Some fuels, such as ethanol for example, require heating in order to keep them at a minimal temperature of approximately 27° C. in the case of ethanol, because otherwise the combustion of these fuels may be slowed or even inhibited.
To this end, it is known to use a heating module comprising a plurality of induction coils, each coil being mounted around an injector so as to provide said injector with heat when the coil is excited by a current, which then makes it possible to raise the temperature of the fuel passing through the injector.

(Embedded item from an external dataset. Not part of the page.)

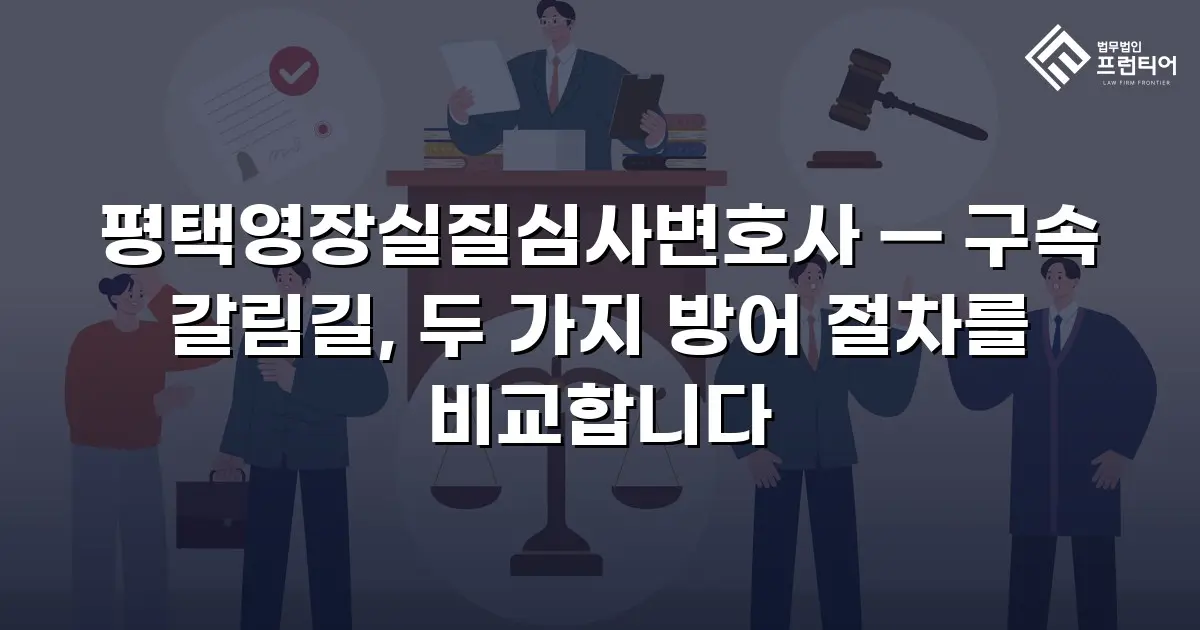 평택영장실질심사변호사 — 구속 갈림길, 두 가지 방어 절차를 비교합니다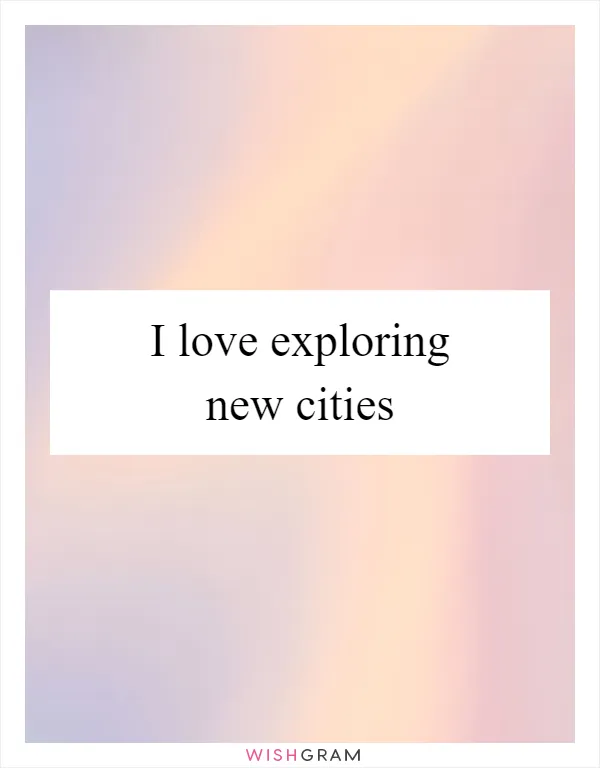 I love exploring new cities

A device for controlling the heating module makes it possible to control the supply of current to the coils and therefore the heating temperature of the fuel passing through the injectors. Such a device, as is known, comprises a phase shift unit and a battery generating an electric supply current. The phase shift unit comprises a plurality of H bridges connected to said battery and a means for controlling the phase shift of the H bridges relative to one another. The number of H bridges is equal to the number of induction coils, and each H bridge delivers, from the electric supply current provided by the battery, an electric excitation current at the associated induction coil of said H bridge. The battery delivers a continuous current transformed into alternating current of sufficiently high amplitude and frequency to quickly heat the coils, for example 25 amps at 10 kHz.

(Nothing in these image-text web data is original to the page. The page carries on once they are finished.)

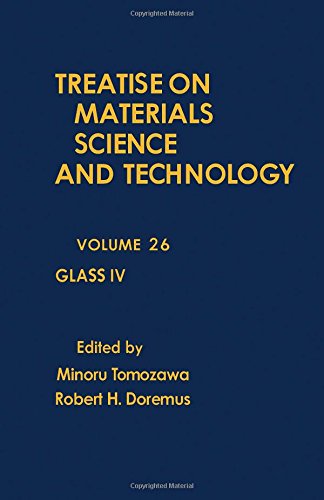 Treatise on Materials Science and Technology: Glass IV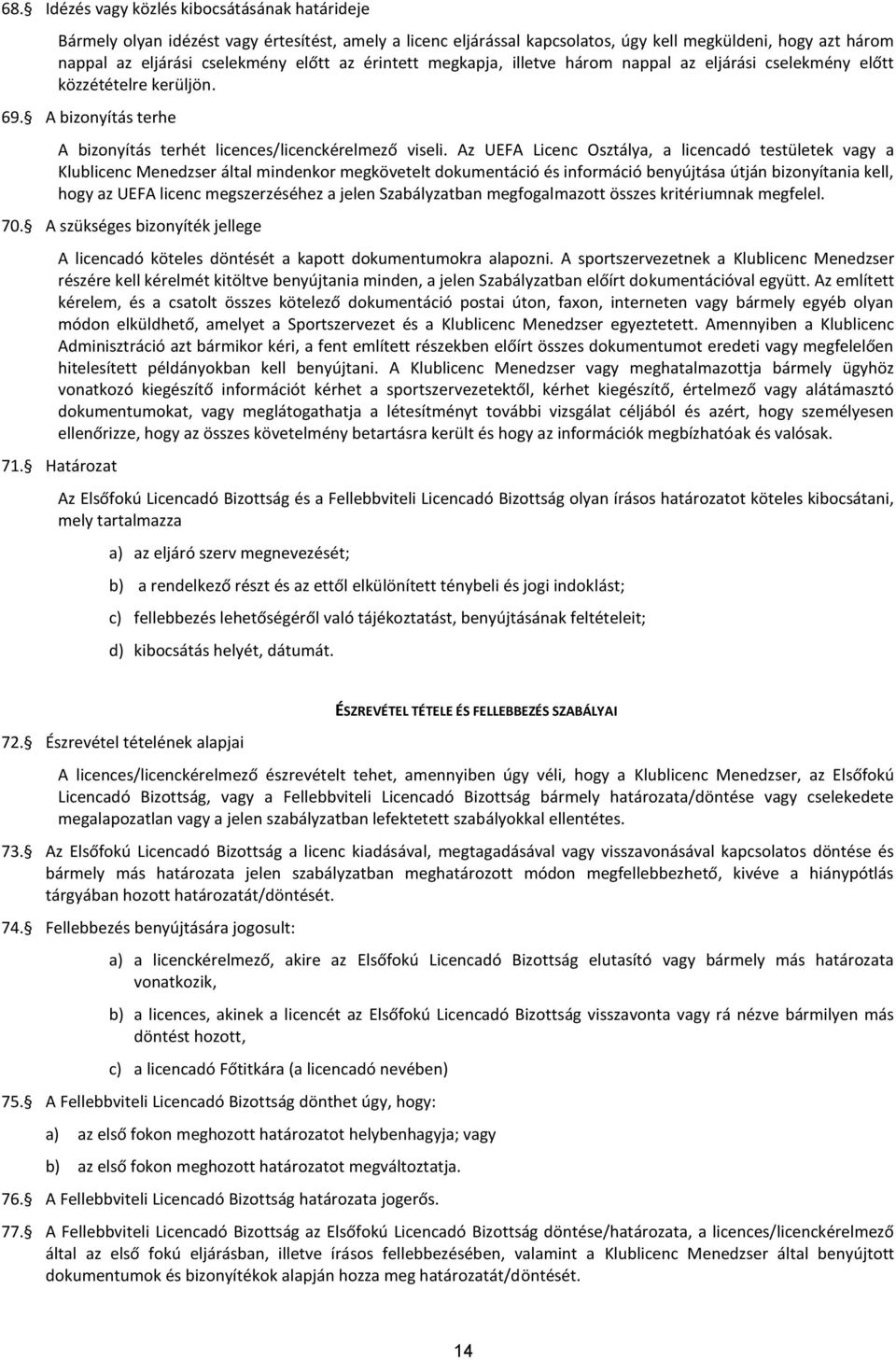 z UEF Licenc Osztálya, a licencadó testületek vagy a Klublicenc Menedzser által mindenkor megkövetelt dokumentáció és információ benyújtása útján bizonyítania kell, hogy az UEF licenc megszerzéséhez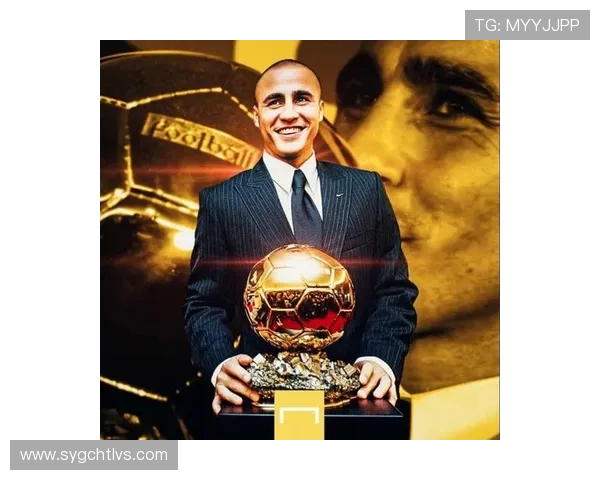 法比奥卡纳瓦罗从铁血后卫到世界足球先生的辉煌传奇之路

Each H bridge performs the function of providing to the associated coil an alternating current of which the half-period is defined by a duty cycle. Thus, for example, when the duty cycle is n %, a current of positive amplitude is delivered during n % of the time of a half-period, then the delivered current is zero during the (100−n) % of the remaining time of said half-period. During the following half-period, a current of negative amplitude, which is equal in terms of absolute value to the value of the current of positive amplitude delivered at the previous half-period, is delivered during n % of the time of a half-period, then the current delivered is zero during the (100−n) % of the remaining time of said half-period.

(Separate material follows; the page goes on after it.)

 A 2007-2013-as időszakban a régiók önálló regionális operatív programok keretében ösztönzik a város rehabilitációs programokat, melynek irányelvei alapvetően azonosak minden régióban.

Since the heating power provided by a coil is dependent on the amount of current received continuously, the duty cycle of the current provided by each H bridge is adjusted between 0% and 100%, such that the associated coil provides the desired heating power.
Since the current provided by the battery is dependent on the number of H bridges functioning simultaneously, the phase shift unit is configured to phase shift the operation of the H bridges, for example by 45°, such that said bridges supply the coils in a manner offset over time. In other words, some H bridges deliver current simultaneously, but not all the H bridges deliver current simultaneously. In fact, a simultaneous provision of current by the set of H bridges would lead to an excessive consumption of the battery and to very severe variations in the amplitude of the current of said battery.
Although the current signals delivered by the H bridges phase shifted in this way reduce the variations in amplitude of the current of the battery to a certain extent, they are still just as high and for example may reach several tens of amps.
Such undulations of the current delivered by the battery of the control device may induce electromagnetic waves, which may influence the operation of the electronic components and equipment arranged in the vicinity and thus constitute a significant disadvantage.
In order to overcome this disadvantage, it is known to use a filter referred to as an “EMC” (electromagnetic compatibility) filter, which prevents the significant undulations of the current delivered by the battery.
Such a filter, however, requires the use of one or more capacitors of very high value in the order of 3 000 μF in order to absorb the undulations of the current. The dimensions of such capacitors are relatively substantial, in the order of several centimeters, which considerably increases the size of the device and constitutes a significant disadvantage, in particular within the scope of the use of said device in a motor vehicle in which the available space is limited. Such capacitors also constitute a further cost.